Alarm bells started ringing last year, when the US-China trade deficit
surged 20% to $120bn, equivalent to a quarter of America's international
total.

US officials point out that the gap with China is now wider than it was
with Japan at the height of Washington's trade dispute with Tokyo in the
1980s. The solution then was the 1985 Plaza Accord, which lowered the
value of the dollar and brought Japan's economic juggernaut to a halt.
Pressure is now growing in Washington for a similar arrangement to check
the rise of China. Last month, 16 senators and congressmen petitioned the
administration to deal with what they called Beijing's unfair currency
manipulation. Senator Joseph Lieberman, a Democrat presidential candidate
hopeful, struck what is likely to be a campaign theme in accusing
President Bush of pursuing an economic policy that has created more jobs
in China than the US.

The American steelworkers' union has declared it will back whichever party
pursues the most protectionist policy. Mr Snow, ahead of his trip to
Beijing, travelled to the midwest to hear first hand why local workers
blame China for the loss of 2.6 million American manufacturing jobs over
the past five years.

Yesterday, a focus of the US Labor day demonstrations was a criticism of
Beijing's trade policy. The Washington Post, New York Times and Wall
Street Journal have been filled with commentary articles on the subject,
many suggesting the renminbi is undervalued by as much as 40% and should
be allowed to float freely.

Diplomatic fallout


Mr Snow has been cautious, saying only that the issue of the renminbi will
be "on the table" during his visit to Beijing. Other international
policymakers have been less diplomatic. Wim Duisenberg, the head of the
European Central Bank, said recently that some Asian currency policies
were creating a "major macroeconomic imbalance" and were a threat to world
growth.

In Japan, where the central bank has intervened in the currency markets on
an enormous scale this year, several cabinet ministers have accused China
of "exporting deflation". Even South Korea, which enjoys strong trade ties
with its western neighbour, has expressed concern about the surge of cheap
Chinese exports.

Beijing has made a defiant response to growing international pressure.
Last month Wen Jiabao, the prime minister, said China had no intention of
floating the renminbi. Domestic newspaper editorials have been filled with
rebuttals arguing China is merely operating according to market economics
in exploiting cheap labour. Commerce minister Lu Fuyuan told a recent
meeting of Asian and European ministers that China's exchange policy will
be "determined first and foremost based on China's own domestic economic
needs".

An appreciation of the renminbi - and the economic slowdown that it would
cause - represents a political nightmare for the Chinese communist party.
Beijing estimates that it needs annual growth of at least 7% to smooth the
country's transition from a state-controlled economy to a free market.
According to the state information centre, even with a growth rate of 8.5%
a year, the country will be able to create new jobs for only 80% of the
additional 50 million people who are expected to join the workforce in the
next five years. Anything below this would risk social turmoil, already
hinted at in the huge demonstrations which occasionally take place in
China's own north-eastern rust belt.

Beijing's policymakers also argue that they are owed a favour. During the
1997/98 Asian financial crisis, China proved a source of stability by
resisting a wave of competitive currency devaluations.

Foreign affiliations


Contrary to Japan's case in the 1980s, China's supporters also point out
that more than half the country's exports come from foreign affiliated
companies - including US conglomerates such as General Motors and
Motorola - that have set up manufacturing operations, such as those
concentrated along the Pearl river delta.

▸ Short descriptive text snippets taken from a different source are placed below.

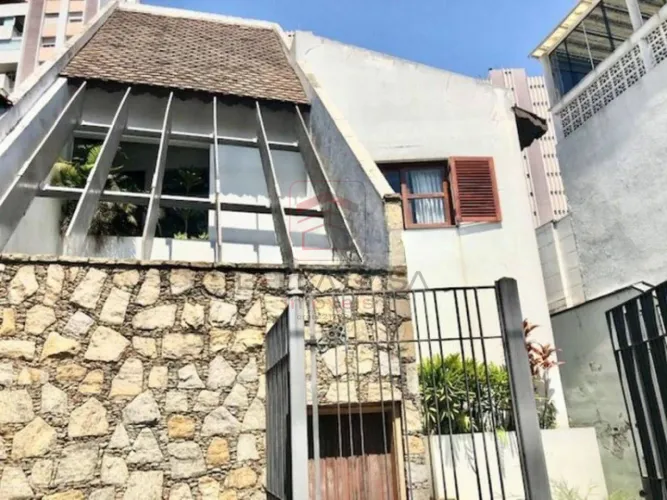 Casa sobrado de alto padrão na Mooca, 3 dormitórios e 3 vagas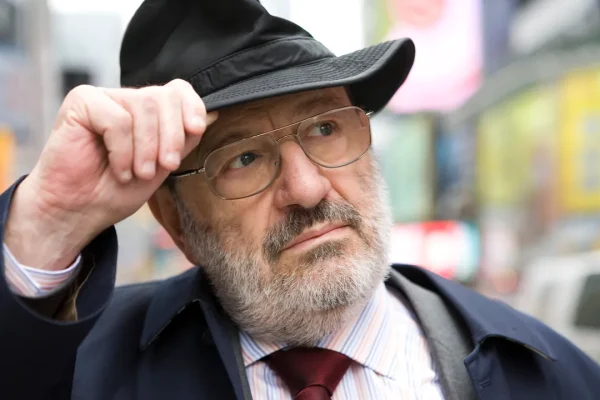 Dieci anni fa moriva Umberto Eco, intellettuale raffinato e scrittore capace di raggiungere la gente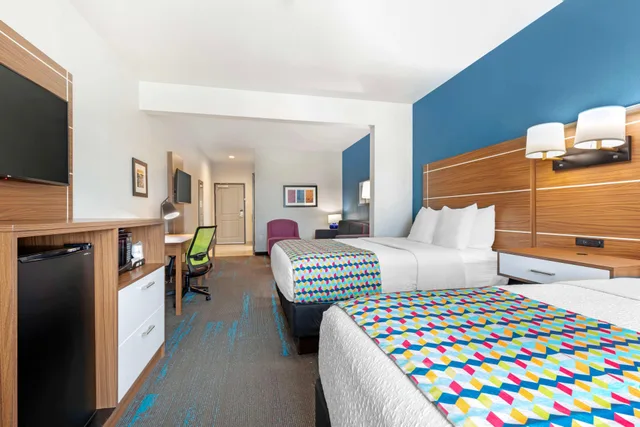 Suite, 2 Queen Beds, Best Western Plus Medical Center Hotel 3/5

American retail outlets are also benefiting from cheap Chinese goods and
passing on the gains to consumers. Wal-Mart accounts for $10bn of imports
a year, equivalent to 10% of the bilateral trade deficit.

Yet there are growing signs that China's economy is overheating -
producing far more goods than the still developing domestic economy can
consume or international markets absorb. From new cars and mobile phones
to steel and cement, production capacities and inventories are growing at
a rate that is worrying domestic policymakers.

There are already signs of a Japanese-style bubble, bad loan problem and
deflation. The Chinese central bank is awash with cash, having amassed
$345bn in foreign exchange reserves.

With loans easy to secure, fixed capital investment shot up by 32% in the
first seven months of the year. There are so many more sellers than buyers
that cars, homes and mobile phones have fallen in price and created a
peculiar situation in which a fast-growing economy is simultaneously
suffering deflation.

The central bank acknowledged its concern last week, with its first
monetary tightening measure in almost a decade. But speculators are
betting that domestic concerns about overheating and international
pressure will force the government into the more drastic step of allowing
the renminbi to appreciate. Since the start of the year, more than $20bn
of "grey money" has flowed into China as a result of widespread
expectations of a currency exchange adjustment.

China's leaders, however, are not likely to be as compliant as those of
Japan in 1985. Despite the country's recent spectacular growth, the
average Chinese worker still earns far less than most unemployed
Americans, Japanese or Europeans.

Election or no election next year, Mr Snow will do well to come away with
even a promise that Beijing will reconsider the value of the renminbi.